37 Then Jacob took fresh rods of poplar and almond and plane, and peeled white streaks in them, exposing the white of the rods. 38He set the rods which he had peeled in front of the flocks in the runnels, that is, the watering troughs, where the flocks came to drink. And since they bred when they came to drink, 39the flocks bred in front of the rods and so the flocks brought forth striped, speckled, and spotted. 40And Jacob separated the lambs, and set the faces of the flocks toward the striped and all the black in the flock of Laban; and he put his own droves apart, and did not put them with Laban’s flock. 41Whenever the stronger of the flock were breeding Jacob laid the rods in the runnels before the eyes of the flock, that they might breed among the rods, 42but for the feebler of the flock he did not lay them there; so the feebler were Laban’s, and the stronger Jacob’s. 43Thus the man grew exceedingly rich, and had large flocks, maidservants and menservants, and camels and asses.

31 Now Jacob heard that the sons of Laban were saying, “Jacob has taken all that was our father’s; and from what was our father’s he has gained all this wealth.” 2And Jacob saw that Laban did not regard him with favor as before. 3Then the Lord said to Jacob, “Return to the land of your fathers and to your kindred, and I will be with you.” 4So Jacob sent and called Rachel and Leah into the field where his flock was, 5and said to them, “I see that your father does not regard me with favor as he did before.
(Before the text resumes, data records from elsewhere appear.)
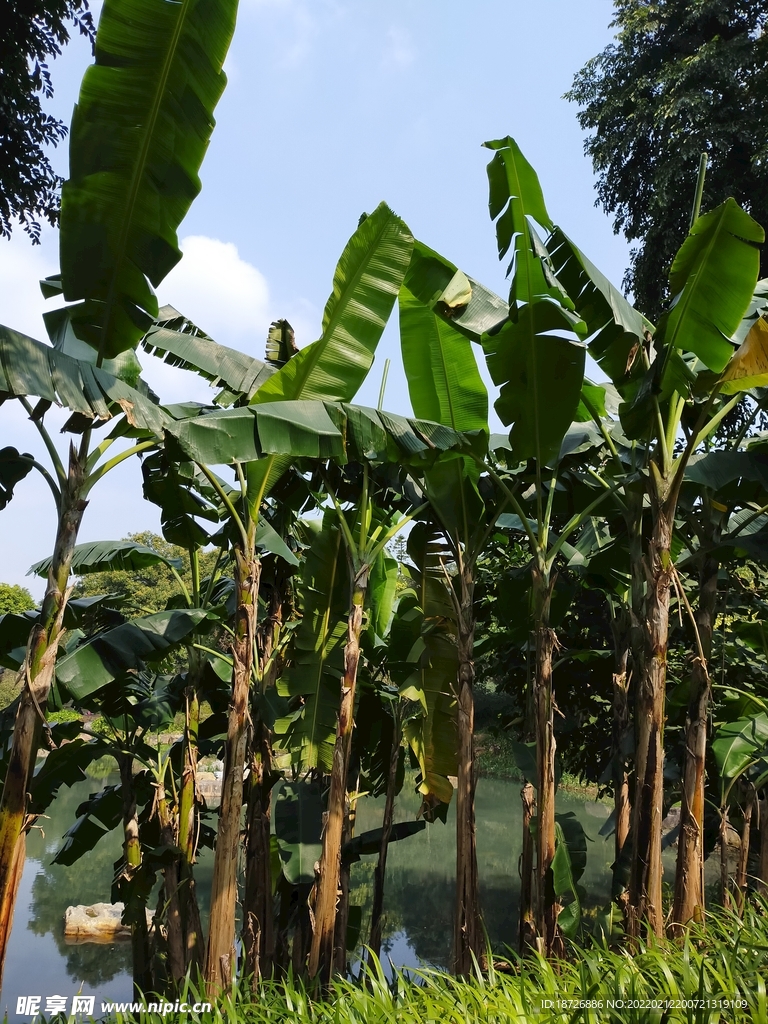 芭蕉树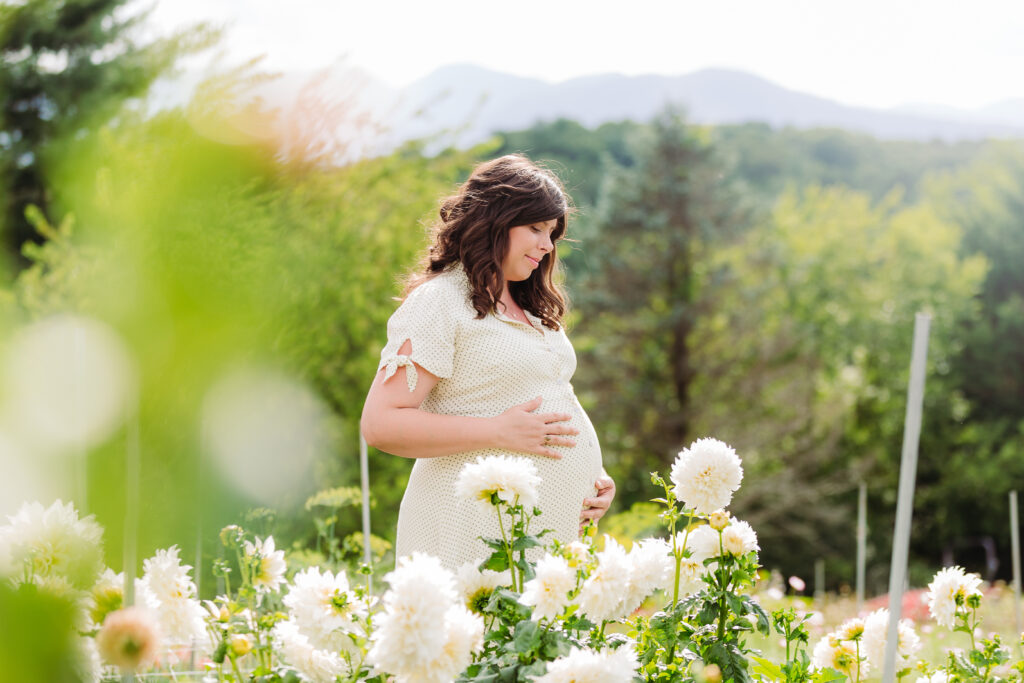 Pregnancy photos in a field of flowers, asheville maternity photo session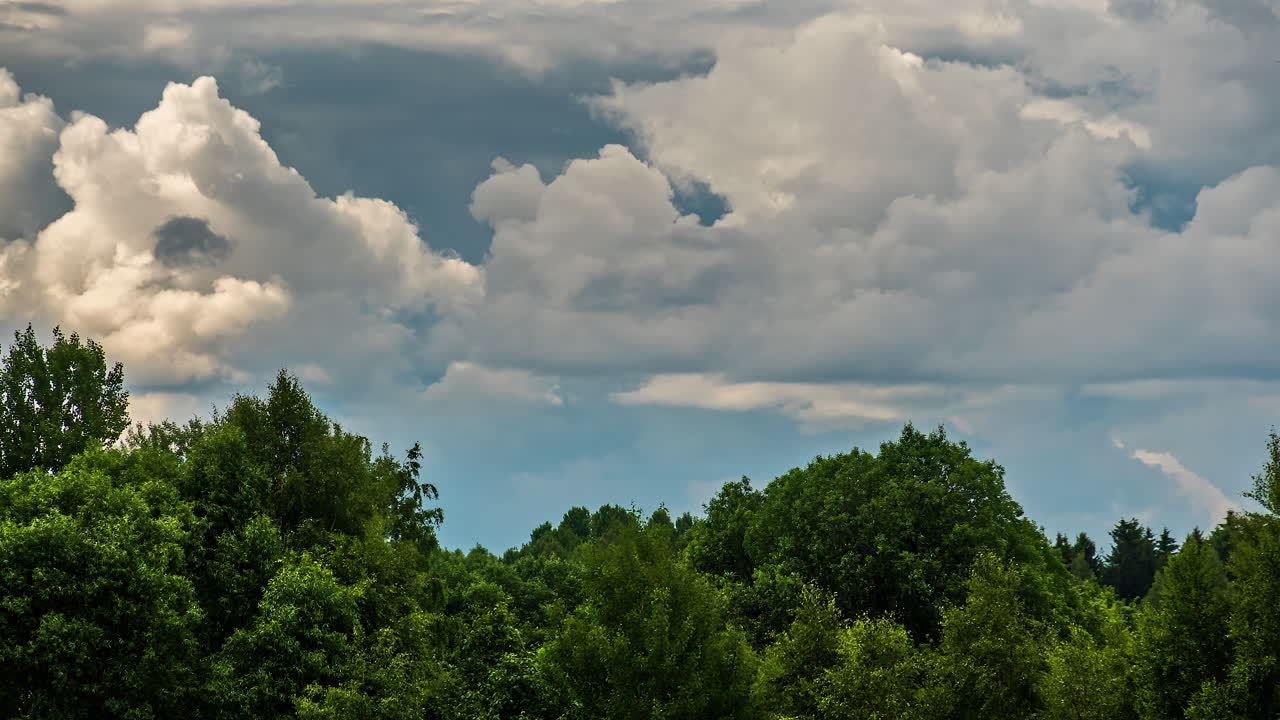 un lapso de tiempo de nubes gigantes que se transforman y se mueven sobre el bosque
But the God of my father has been with me. 6You know that I have served your father with all my strength; 7yet your father has cheated me and changed my wages ten times, but God did not permit him to harm me. 8If he said, ‘The spotted shall be your wages,’ then all the flock bore spotted; and if he said, ‘The striped shall be your wages,’ then all the flock bore striped. 9Thus God has taken away the cattle of your father, and given them to me. 10In the mating season of the flock I lifted up my eyes, and saw in a dream that the he-goats which leaped upon the flock were striped, spotted, and mottled. 11Then the angel of God said to me in the dream, ‘Jacob,’ and I said, ‘Here I am!’ 12And he said, ‘Lift up your eyes and see, all the goats that leap upon the flock are striped, spotted, and mottled; for I have seen all that Laban is doing to you. 13I am the God of Bethel, where you anointed a pillar and made a vow to me. Now arise, go forth from this land, and return to the land of your birth.’ ” 14Then Rachel and Leah answered him, “Is there any portion or inheritance left to us in our father’s house? 15Are we not regarded by him as foreigners? For he has sold us, and he has been using up the money given for us. 16All the property which God has taken away from our father belongs to us and to our children; now then, whatever God has said to you, do.”